Salt or Ansible should be able to do this too. And you could script the responses.
-
This just seems like such a simple thing. And I'm not the one that came up with the need, I was just the one asked to research it for another company. But I talked to companies that make this stuff as part of the process and it seems like there is just so much money in the cloud storage portion, that no one is willing to make local targets overly accessible or attractive.
-
@scottalanmiller said in Centrally Controlled Local Backup System Options:
@stacksofplates said in Centrally Controlled Local Backup System Options:
I mean an outside the box scenario is you could use Jenkins to schedule all of this. Then just use something like Restic or Borg to do the backups either locally or to a central location.
Then you can have Jenkins send messages/emails on a failure. You'd just need a Jenkins slave at every site (can be whatever you are running the backup on).
Not specifically looking to trigger the backups remotely. Would like them to trigger locally and just report because if the Internet goes down, you don't want things to not keep going.

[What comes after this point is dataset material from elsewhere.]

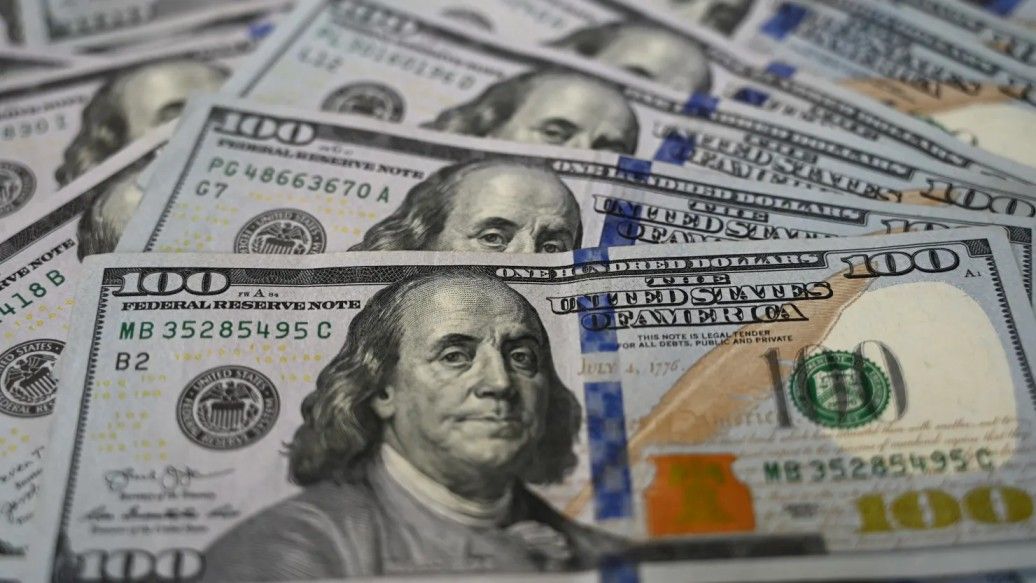 US Dollar Bill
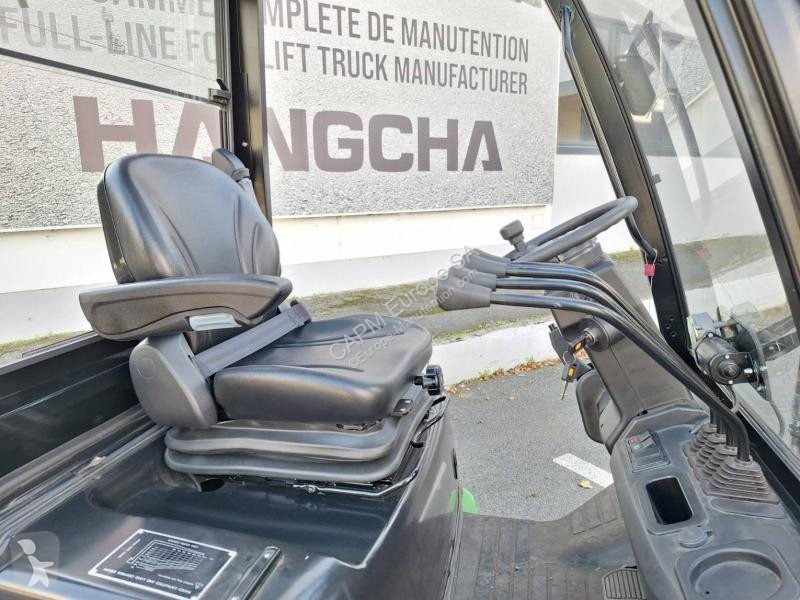 Empilhador elevador Hangcha  XC3-18i...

Salt or Ansible should be able to do this too. And you could script the responses.
I assumed that Jenkins would have the Ansible plugin (or Salt if there is one, not sure) so the slave could do whatever it needed with that tool. You could always deploy script and then just have a Jenkins job to scrape the data.
Probably more of a realistic scenario is to just have the scripts at each site deploy to the location (remote or local) and then have Prometheus monitor that. You could pretty easily have an exporter report any failures on the systemd unit (or whatever service you want).
-
Its been a long while but didn't BackupExec used to have a central management console? I haven't looked at or used their product in 5-7 years now but might be worth checking into
-
@jt1001001 said in Centrally Controlled Local Backup System Options:
Its been a long while but didn't BackupExec used to have a central management console? I haven't looked at or used their product in 5-7 years now but might be worth checking into
OMG, do they still exist? LMAO
-
Yes they were re-spun off of Symatec a couple years back.
-
@jt1001001 said in Centrally Controlled Local Backup System Options:
Yes they were re-spun off of Symatec a couple years back.
You'd think that I'd remember them. I worked for them both pre- and during-Symantec (I was there during the buyout.) But I never worked on the BE side, only on the Netbackup side.
-
Metallic looks like it might do what I want here.
-
@scottalanmiller said in Centrally Controlled Local Backup System Options:
Metallic looks like it might do what I want here.
Looks great, but I don't see anything to suggest it will centrally manage backups to locally attached USB devices.
-
We use https://www.backupassist.com at one site to backup up USB RDX drive. Think they have central management.
-
@scottalanmiller said in Centrally Controlled Local Backup System Options:
Metallic looks like it might do what I want here.
Unless you're talking about using Metallic's Endpoint, the pricing structure seems... strange to me. Maybe I'm looking at it wrong.
The endpoint pricing seems to be ~$10 /user /month.
The Core pricing seems to be $200/tb/month for using your own storage? Seems a bit pricey to me on that front.
-
@dafyre said in Centrally Controlled Local Backup System Options:
The endpoint pricing seems to be ~$10 /user /month.
How does that work with multiple sites? I'm one user backing up 100 sites, so it's just $10 a month?
-
@Obsolesce said in Centrally Controlled Local Backup System Options:
@scottalanmiller said in Centrally Controlled Local Backup System Options:
Metallic looks like it might do what I want here.
Looks great, but I don't see anything to suggest it will centrally manage backups to locally attached USB devices.
Well it's a SaaS product, so presumably hosted or at least hostable. I swear I read that local storage was allowed.